> _Dataset records_:

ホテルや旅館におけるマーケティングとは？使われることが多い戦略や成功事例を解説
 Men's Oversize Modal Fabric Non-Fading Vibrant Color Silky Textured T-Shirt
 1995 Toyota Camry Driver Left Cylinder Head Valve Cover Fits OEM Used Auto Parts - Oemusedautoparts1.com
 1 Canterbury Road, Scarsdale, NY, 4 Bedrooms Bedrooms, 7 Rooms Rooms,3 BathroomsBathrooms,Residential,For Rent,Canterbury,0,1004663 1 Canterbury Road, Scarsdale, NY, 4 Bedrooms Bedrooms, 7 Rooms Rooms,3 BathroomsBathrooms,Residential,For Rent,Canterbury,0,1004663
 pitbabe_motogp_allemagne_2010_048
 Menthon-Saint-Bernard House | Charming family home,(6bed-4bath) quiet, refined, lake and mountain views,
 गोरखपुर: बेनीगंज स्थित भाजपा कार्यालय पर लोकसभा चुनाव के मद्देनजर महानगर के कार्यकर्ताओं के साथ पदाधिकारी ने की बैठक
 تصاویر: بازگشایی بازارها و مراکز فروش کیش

> _What is needed_: Return the lines of the listing above exactly as they appear, starting with the first and stopping after the line that holds "1995 Toyota Camry".

> _Answer to this problem_:
ホテルや旅館におけるマーケティングとは？使われることが多い戦略や成功事例を解説
 Men's Oversize Modal Fabric Non-Fading Vibrant Color Silky Textured T-Shirt
 1995 Toyota Camry Driver Left Cylinder Head Valve Cover Fits OEM Used Auto Parts - Oemusedautoparts1.com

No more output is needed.